## Your task:
There should be no pictures in your answer, only an exact copy of the lines from the one with "Procréer un personnage" through the end of the material.

## Source material:
________________________
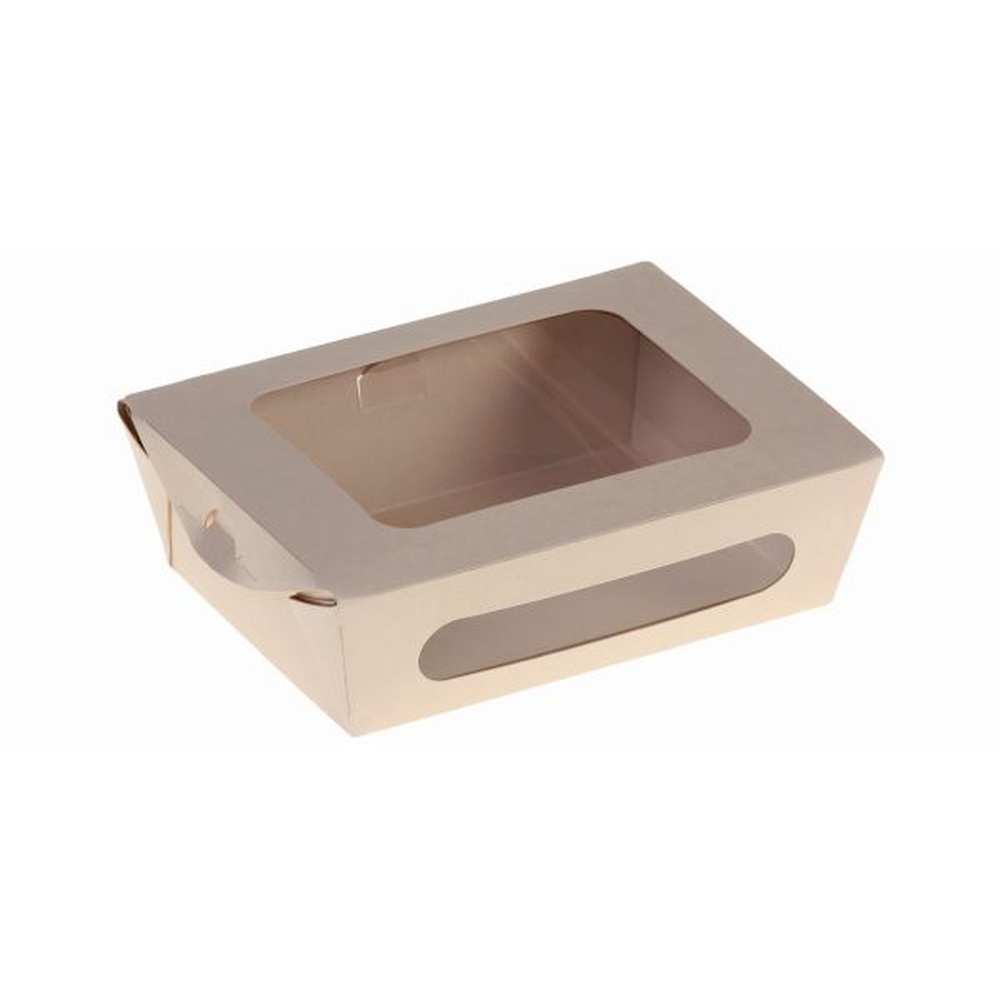Pacovis Food Box 20x12x5cm,950ml, 2-, Sichtfenster,Bambu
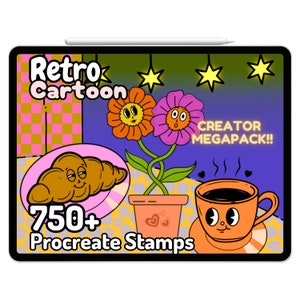 Procréer un personnage de dessin animé rétro, une mascotte, des mèmes groovy, des accessoires, des lunettes, des chapeaux, une jambe, une main et un bras, des tampons vintage, une brosse déco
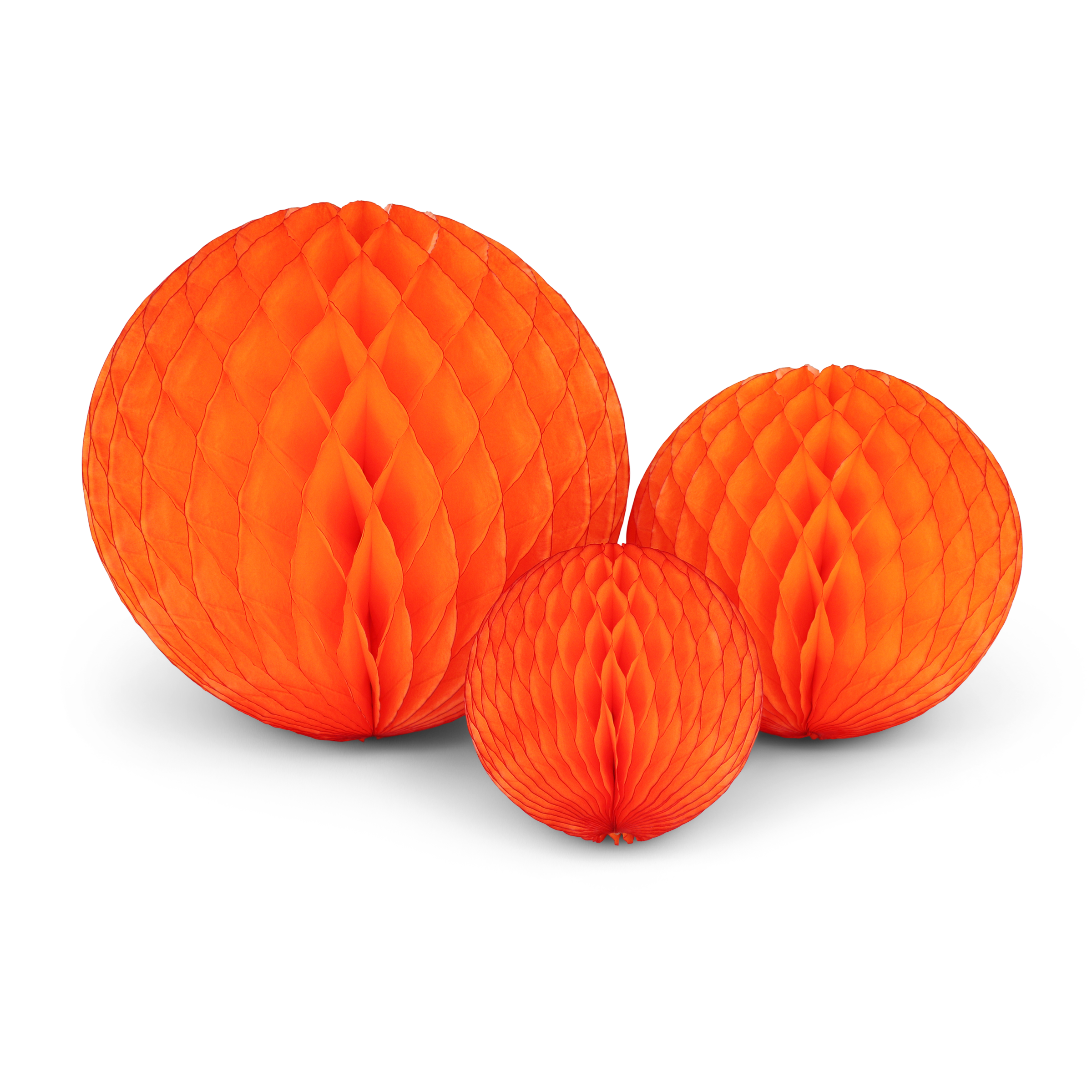 Honeycomb Ball Trio, Bright Orange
________________________
## Answer to the problem:
 Procréer un personnage de dessin animé rétro, une mascotte, des mèmes groovy, des accessoires, des lunettes, des chapeaux, une jambe, une main et un bras, des tampons vintage, une brosse déco
 Honeycomb Ball Trio, Bright Orange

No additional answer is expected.